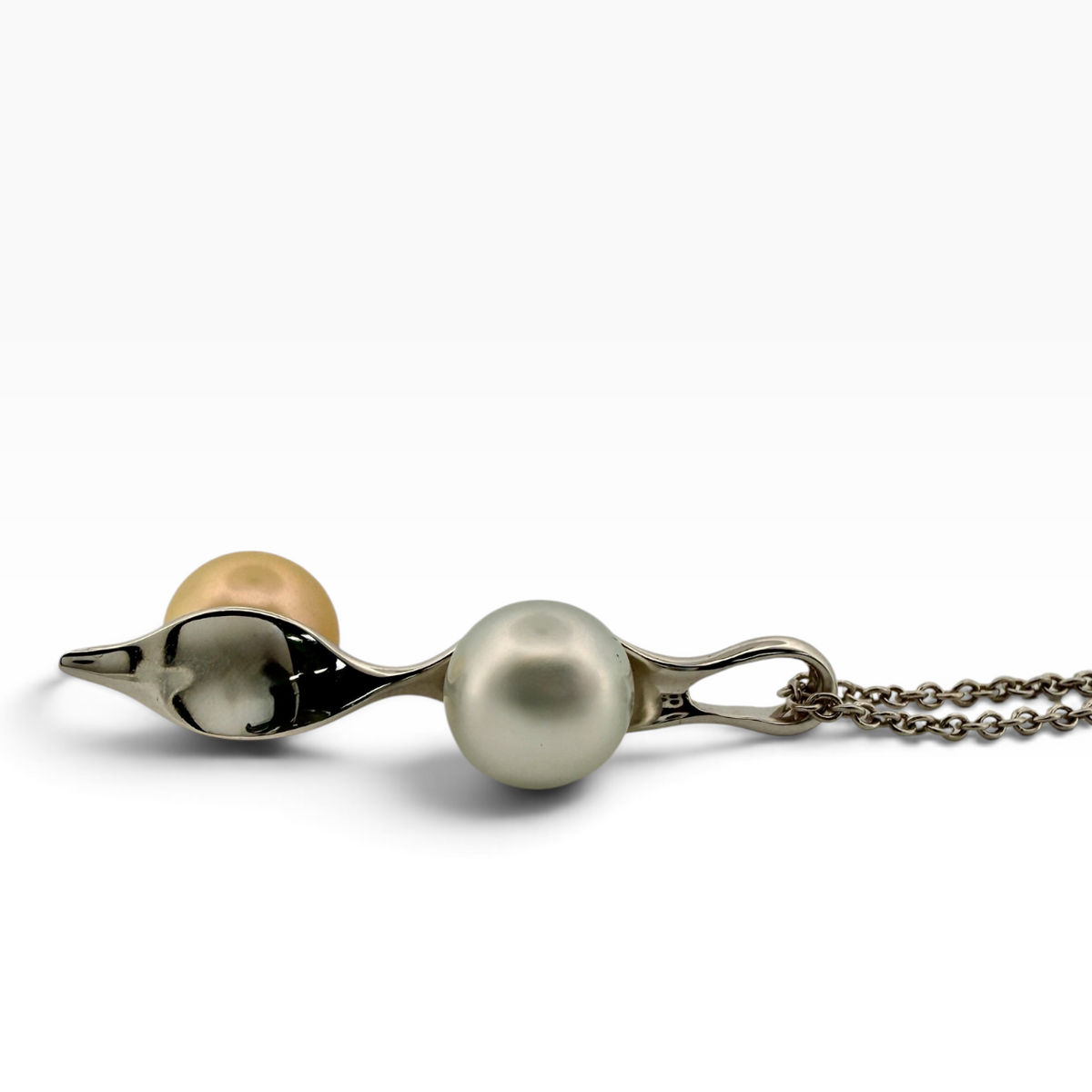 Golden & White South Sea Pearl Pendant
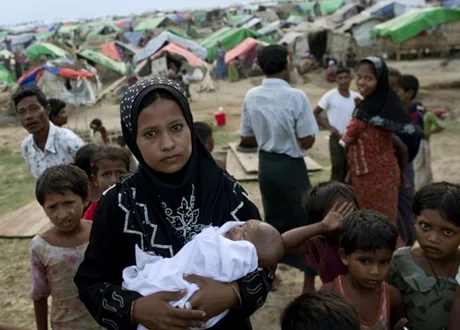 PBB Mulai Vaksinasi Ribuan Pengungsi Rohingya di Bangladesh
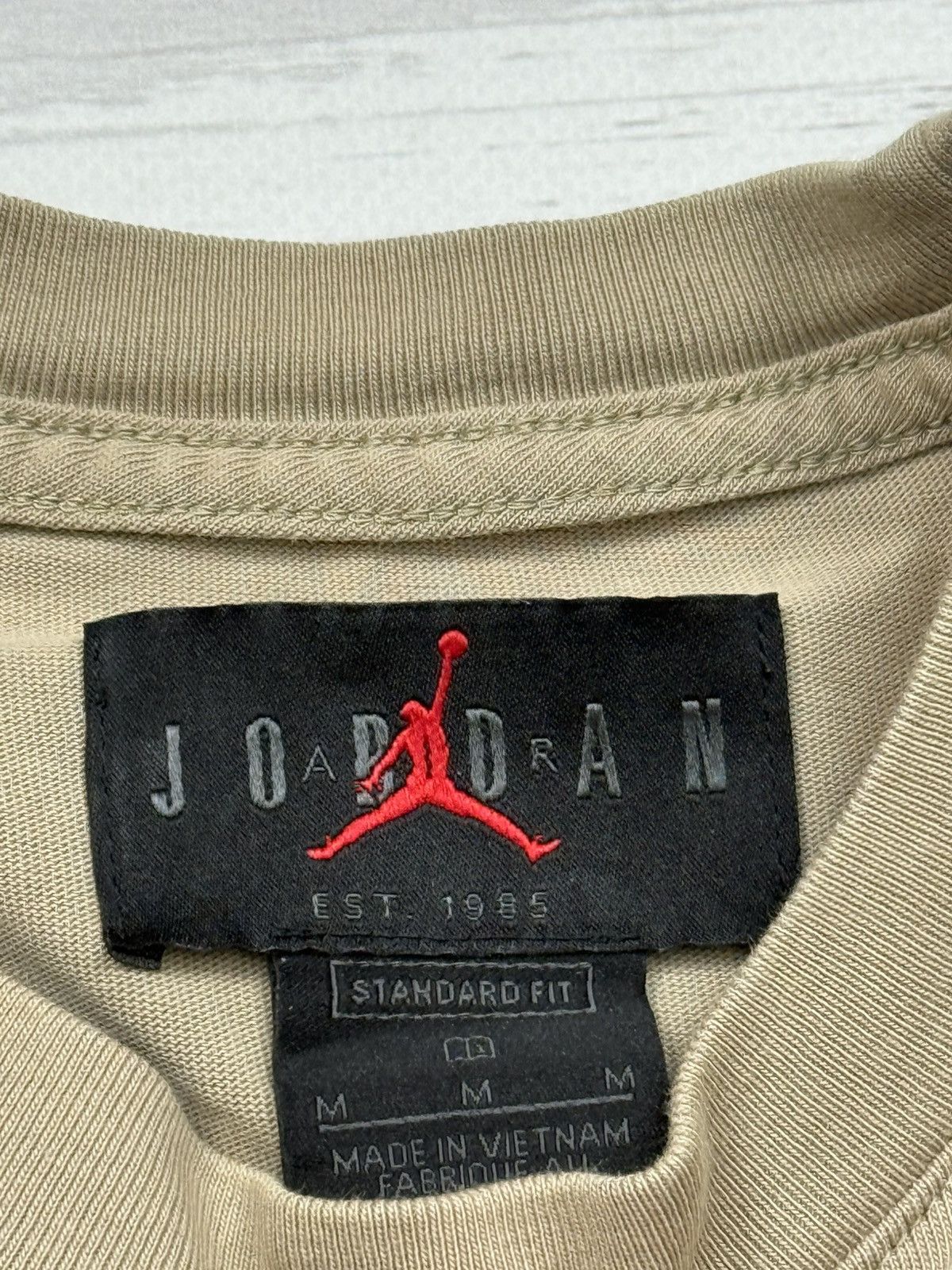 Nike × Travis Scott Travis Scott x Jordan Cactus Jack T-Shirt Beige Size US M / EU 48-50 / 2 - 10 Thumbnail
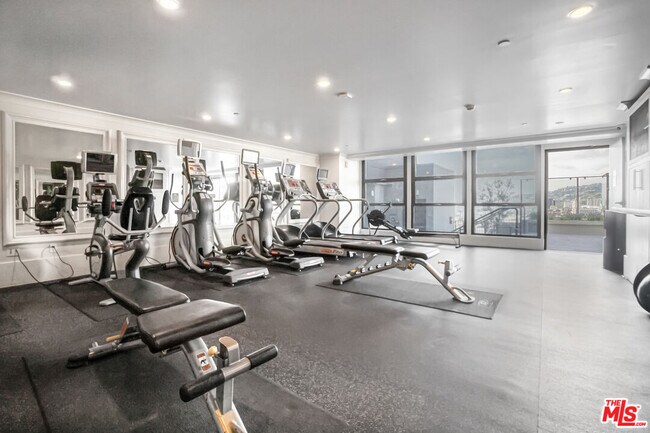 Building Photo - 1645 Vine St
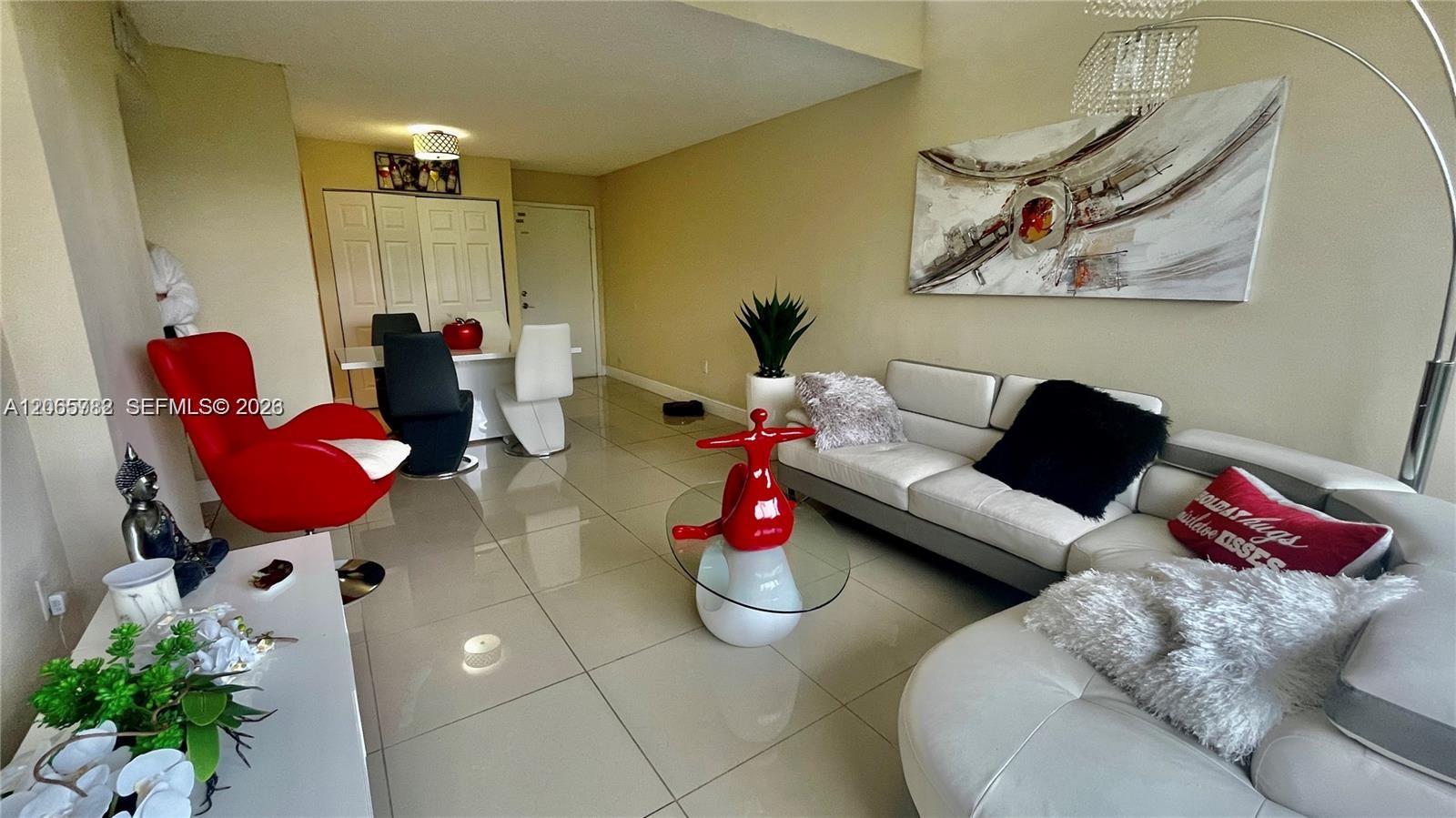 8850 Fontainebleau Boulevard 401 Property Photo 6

-*-

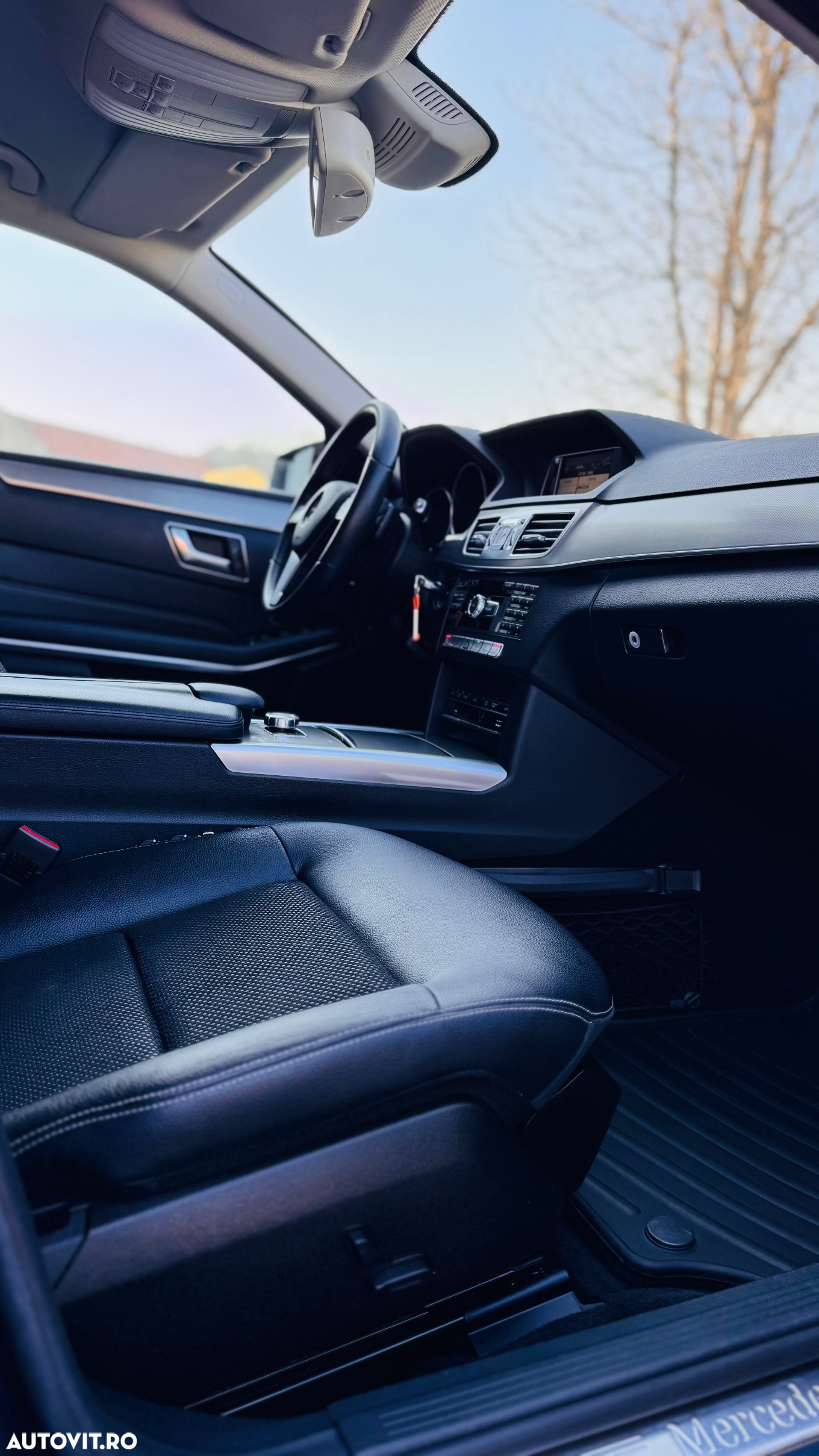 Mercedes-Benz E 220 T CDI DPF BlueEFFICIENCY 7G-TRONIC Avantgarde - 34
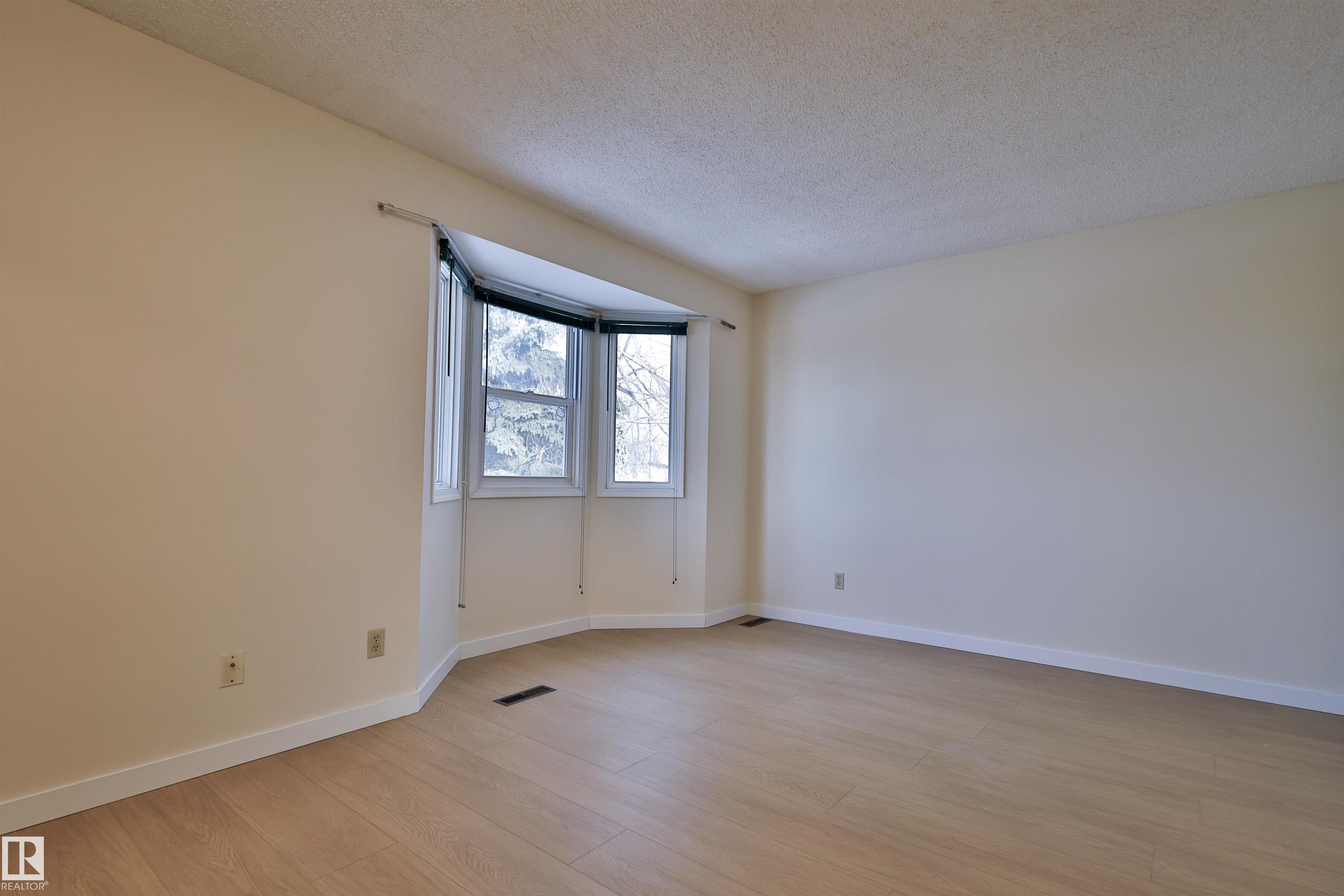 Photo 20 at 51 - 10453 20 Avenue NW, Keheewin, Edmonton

-*-

• _What to work on_
From the line holding "Building Photo - 1645 Vine St" to the line holding "8850 Fontainebleau Boulevard", both included, retype the entries above exactly and drop the pictures.

• _Answer area_
 Building Photo - 1645 Vine St
 8850 Fontainebleau Boulevard 401 Property Photo 6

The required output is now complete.